According to the ratings agency, 86 out of 100 EMEA EM bank ratings reviewed between March 12 and April 30 this year had negative rating actions.
These included 16 downgrades, of which 15 were recorded in Middle East and Africa, primarily in Oman, South Africa and Nigeria. 14 banks were placed on rating watch negative (RWN), 47 banks were assigned a negative outlook and 9 banks that previously had positive outlooks were assigned stable outlooks.
“Weaker economic activity will hit banks' asset quality and earnings and, in some cases, capital, although funding and liquidity will be mostly stable,” Fitch said.
“However, most ratings have been placed on Rating Watch Negative (RWN) or Negative Outlook (RON) rather than downgraded. This is because of expected economic recoveries from 3Q20, sound financial metrics going into the downturn and – in some cases – already low ratings,” Fitch added.
According to the report, support considerations were a secondary factor, with the negative actions on 18 banks driven by revised assessments of potential support.
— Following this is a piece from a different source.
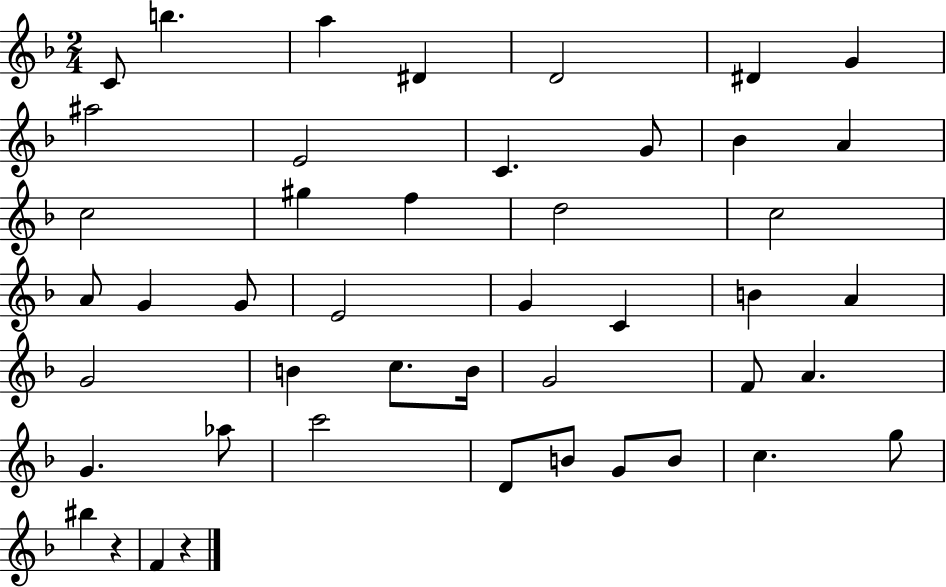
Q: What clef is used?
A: treble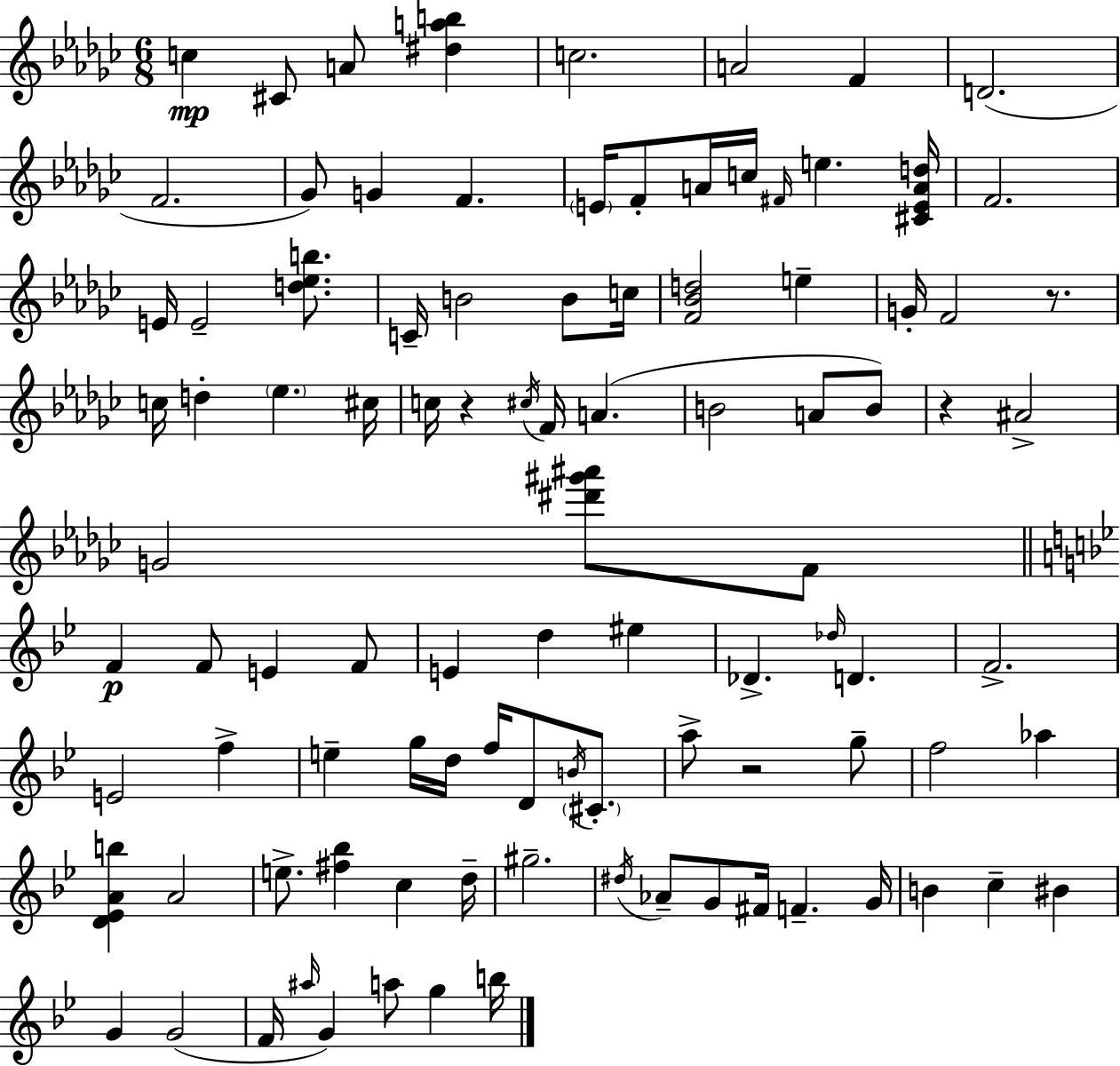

Considerations included weaker domestic sovereign credit profiles and rating actions on parent institutions.
Banks assigned a negative outlook could be downgraded if economic recoveries are delayed and the impact of the crisis on banks’ financial metrics, or on domestic sovereigns and bank shareholders in the case of support-driven ratings, is greater than envisaged in the rating agency’s baseline scenario, the report notes.
“The resolution of RWNs will largely depend on the trend in oil prices and their impact on certain oil-producing economies,” Fitch said.